### Action item
From the line with "Aminopyrazine" to the final line of the data below, please write out every line exactly, with no pictures.

### Information provided
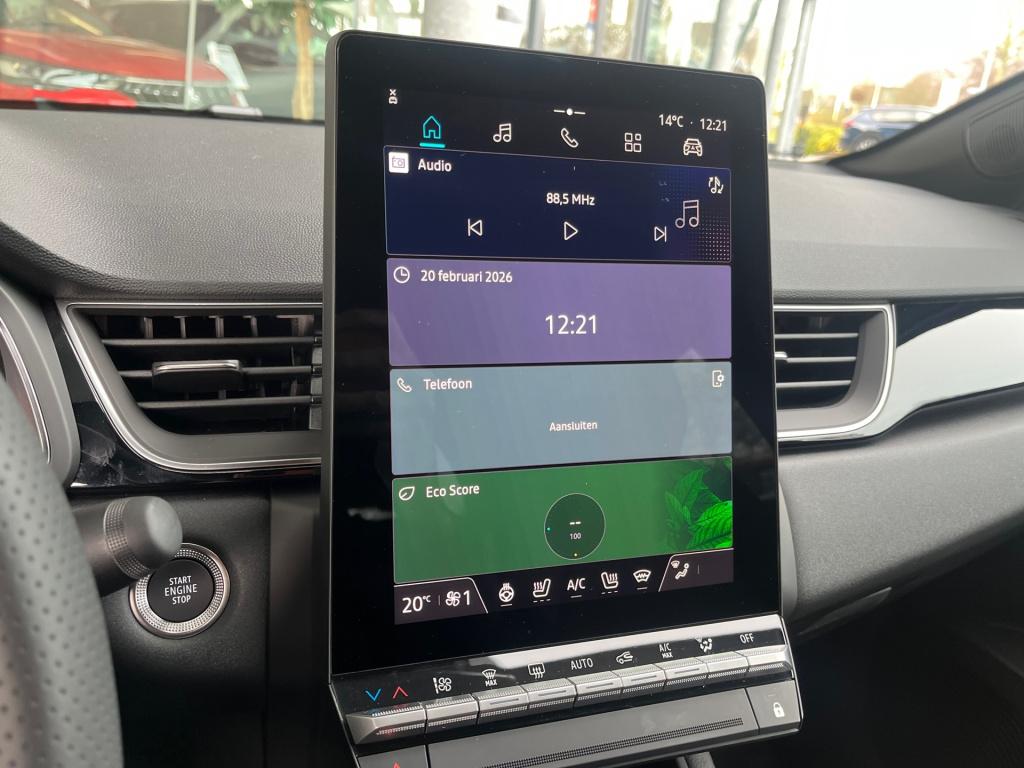 Mitsubishi Grandis 1.8 hev intense+|nieuwe auto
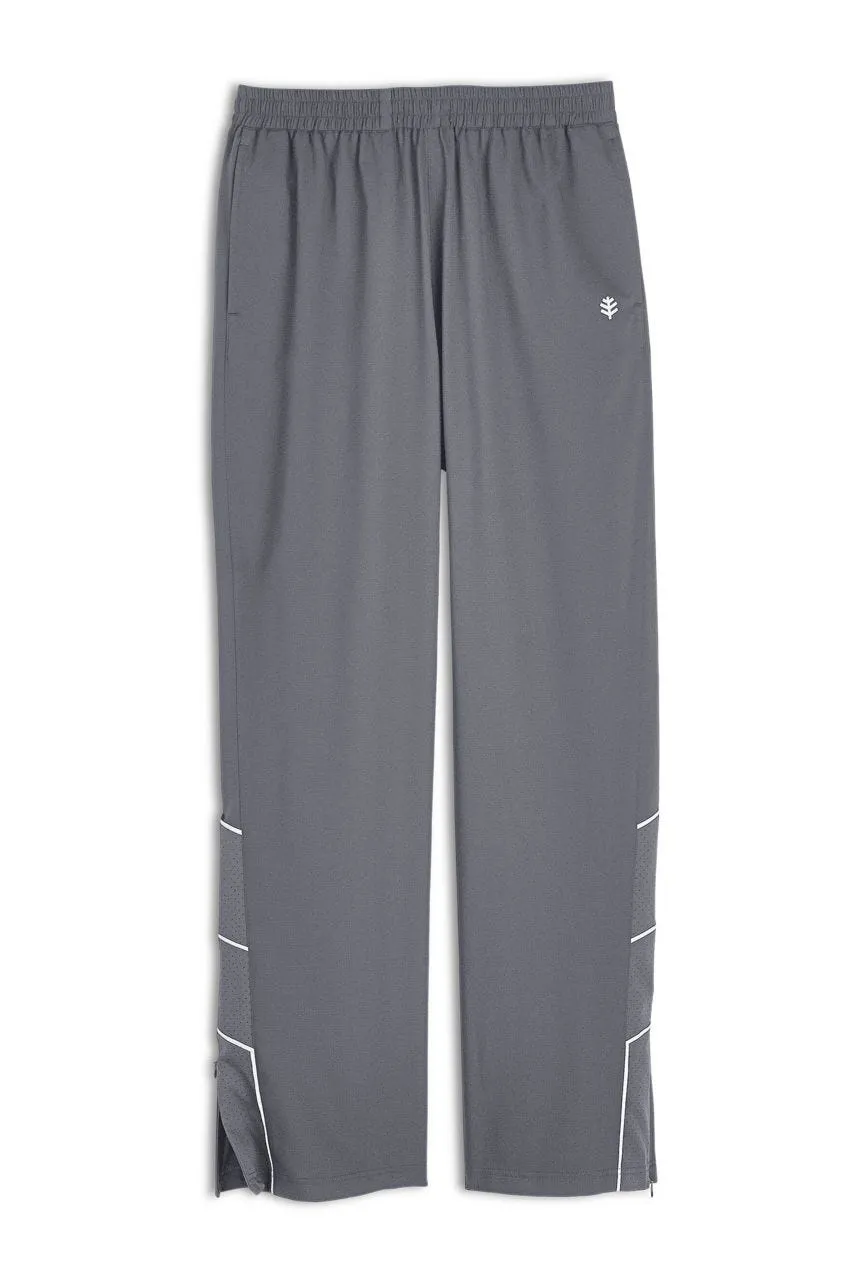 Men's Outpace Sport Pants  |  Iron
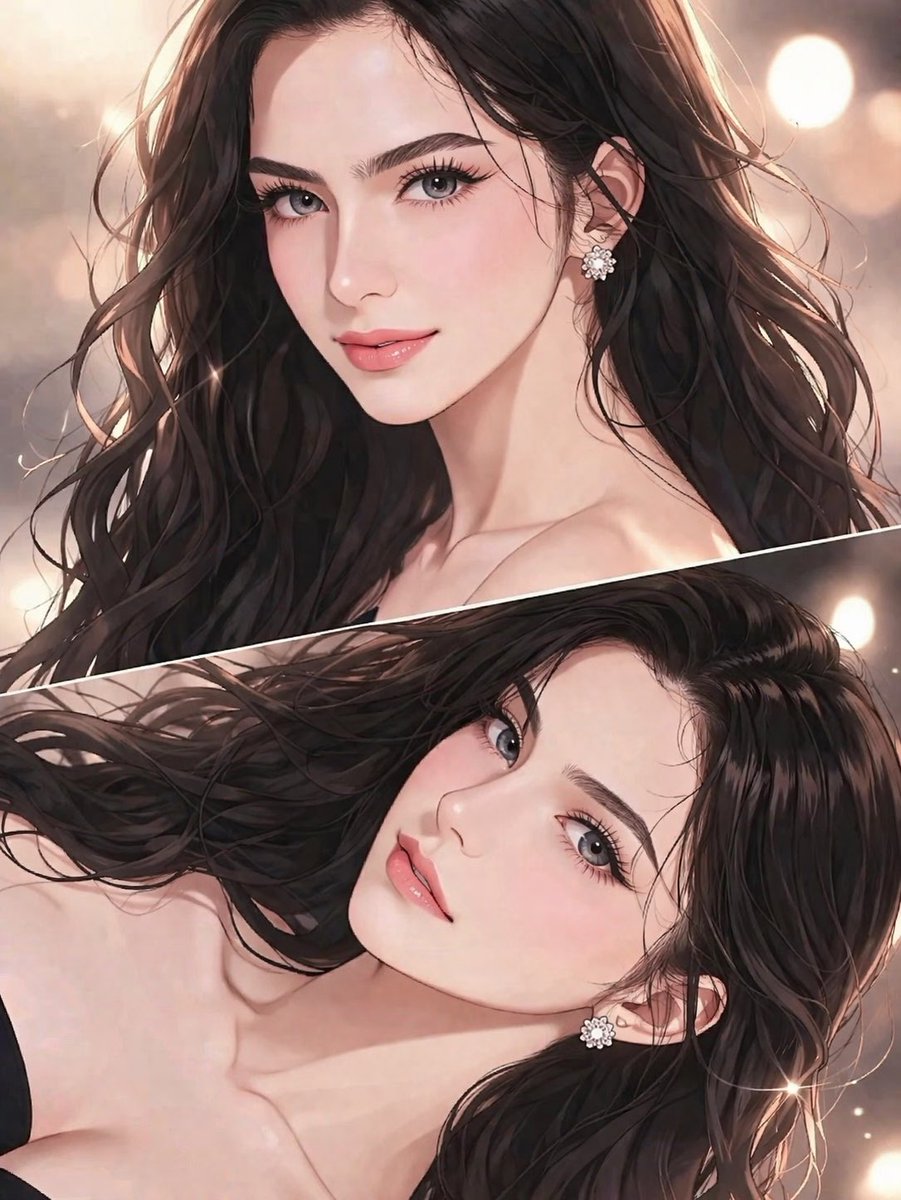 Annehyeong tweet media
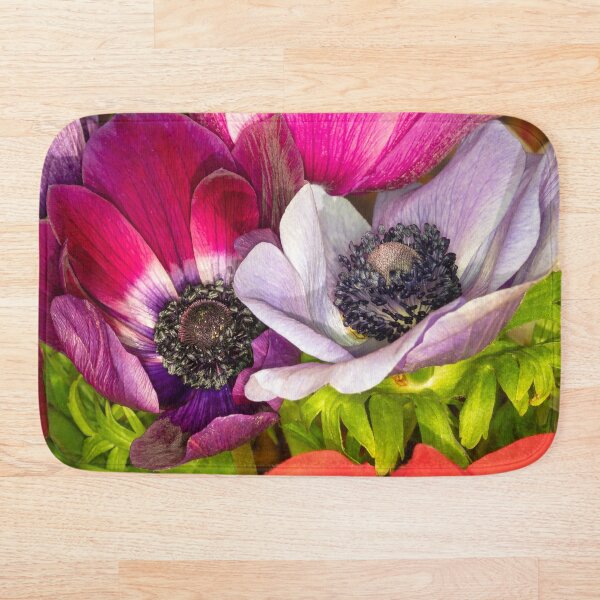 Artikelvorschau, ANEMONE GARTEN entworfen und verkauft von Sandra Belitza-Vazquez.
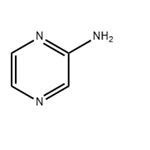 Aminopyrazine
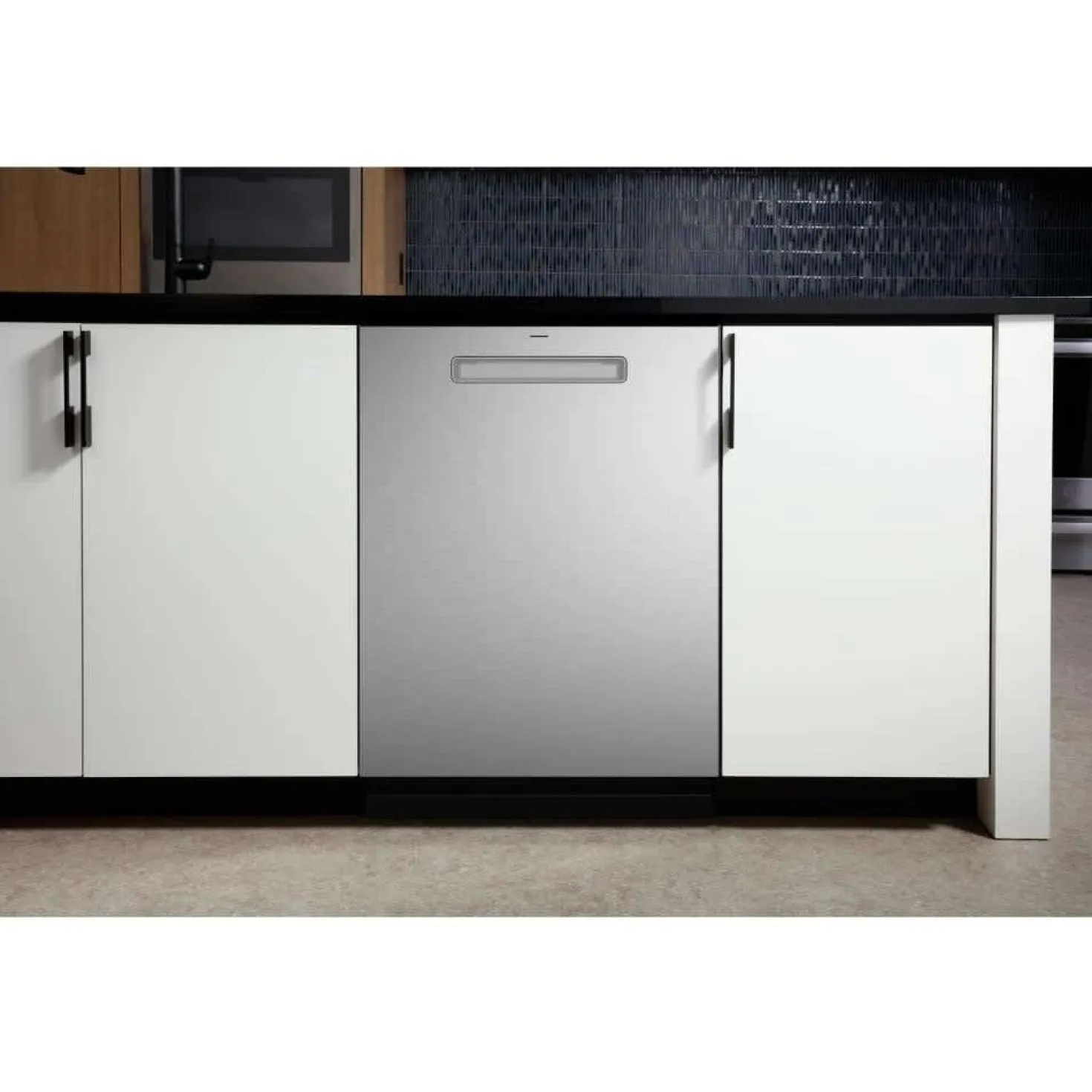 GE Profile Lave-vaisselle Encastré Acier inoxydable 24" 42dB - PDP755SYVFS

### Solved problem
 Aminopyrazine
 GE Profile Lave-vaisselle Encastré Acier inoxydable 24" 42dB - PDP755SYVFS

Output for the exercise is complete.